Two leaders of the California Public Utilities Commission assured legislators at a hearing in San Francisco today that the agency is doing its best to instill a systemic commitment to safety throughout its operations.
“I hope you have seen and will see that in our actions, and if not, I expect to be called to account for it,” public utilities Commissioner Michel Florio told a state legislative committee.
Florio was responding to a statement in which Assemblyman Steven Bradford, D-Covina, told him, “We really need to see a redirection and focus here as it relates to safety, in both infrastructure and the workplace.”
The hearing of the Subcommittee on Gas and Electric Infrastructure Safety was convened by subcommittee chair Jerry Hill, D-San Mateo.
The purpose was to follow up on a report issued by the committee last month on the PUC’s safety oversight plans in the wake of the fatal explosion of a PG&E natural gas pipeline in San Bruno in 2010. Eight people died in the explosion and ensuing fire.
The report concluded safety was not a priority for the PUC and called on the PUC to improve its procedures and organization to make enforcing safety programs in regulated utilities a chief objective.

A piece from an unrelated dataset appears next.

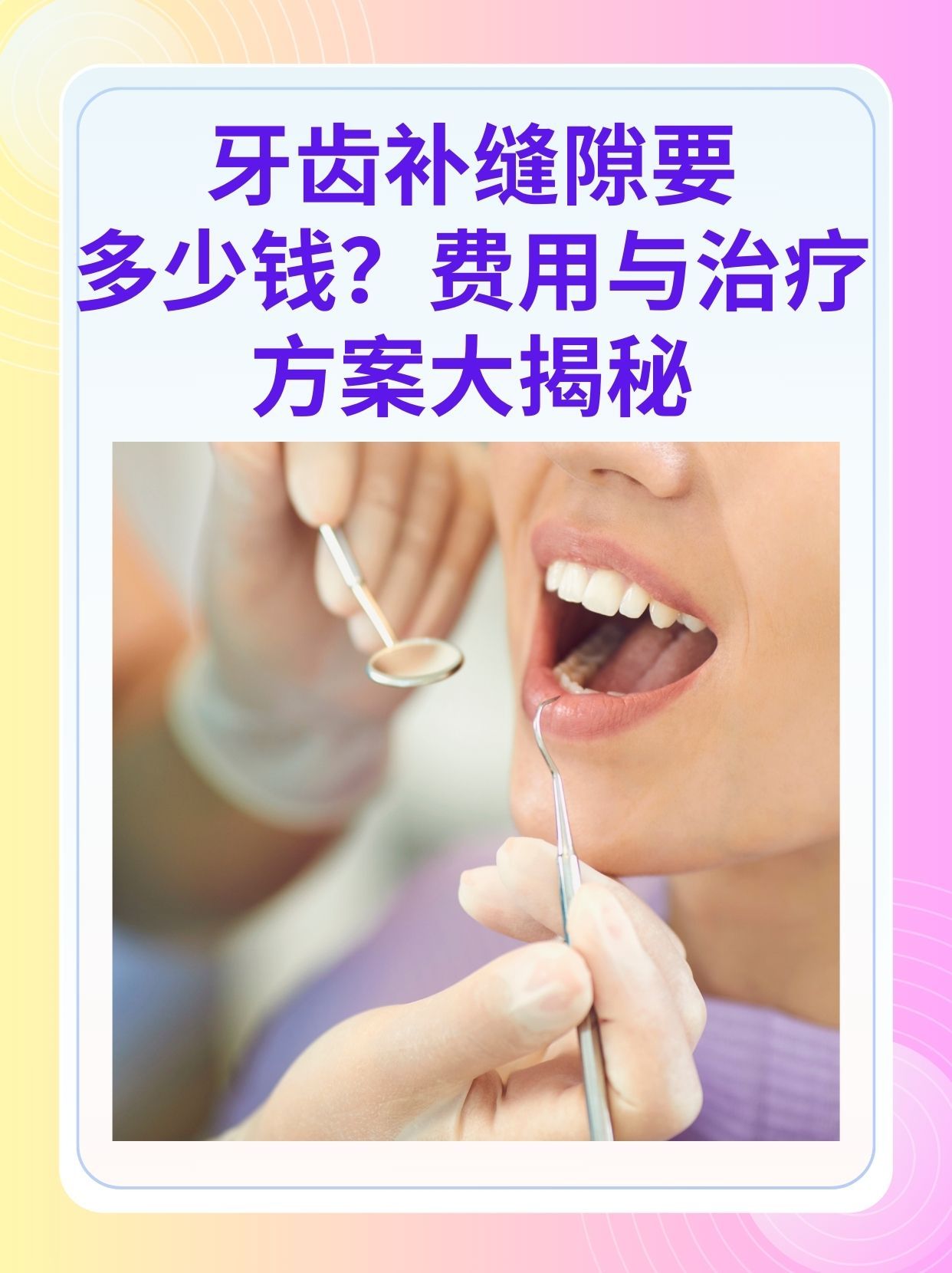 梧州补牙医保可以报销吗(补牙医保可以报销吗 哪些可以报销呢)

PUC Deputy Executive Director Brian Turner told the committee, “I believe the activities we’re developing meet many of the goals of your report.”

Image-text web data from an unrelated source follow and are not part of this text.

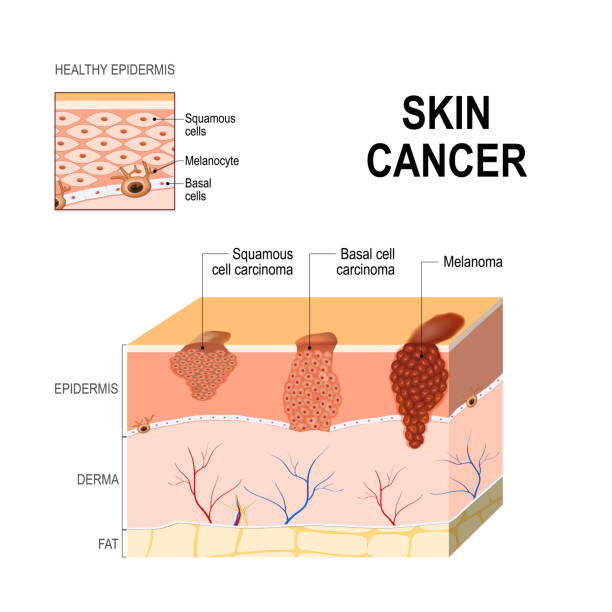Skin cancer. Squamous cell carcinoma, basal-cell cancer and Melanoma. Skin cancer: Squamous cell carcinoma (disease of older cells on the surface skin), basal-cell cancer (begins in the basal cells) and Melanoma (arises in the pigment cells - melanocytes). layers of human skin and healthy epidermis. Medical diagram melanoma stock illustrations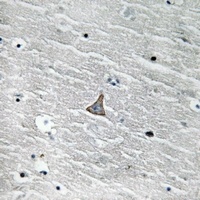 Von Hippel Lindau Rabbit Polyclonal Antibody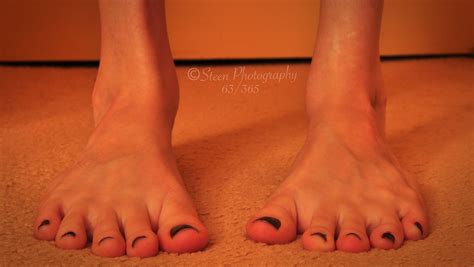 63 365 Club Feet These Are My Feet I Was Born With 2 Seve… Flickr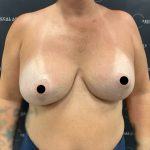Breast Augmentation + Lift Before & After Patient #2558
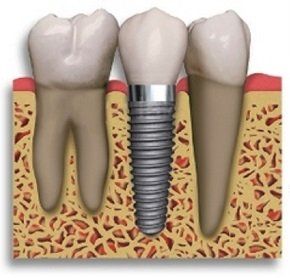 Tooth Implants — Fair Oaks, CA — Sun Oaks Dental
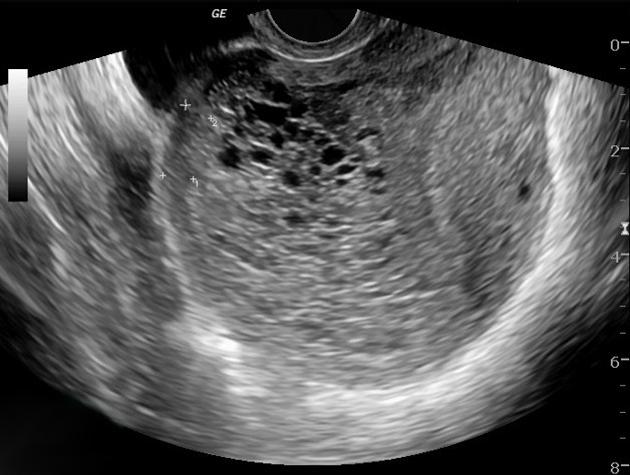 molar pregnancy radiology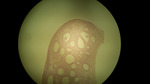 MISSING THUMBNAIL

But Turner added, “We have much more work to do in tackling the broad-based challenges.”
Earlier in the hearing, the committee heard from two safety experts who said that a culture of safety had to be integrated into an organization at all levels of management and staff.
Don Arendt, a senior safety-management advisor to the Federal Aviation Administration Flight Standards Service, said, “Safety can’t be a checklist of a collection of practices.
“We have to build it into the system so the behaviors are automatic,” he said.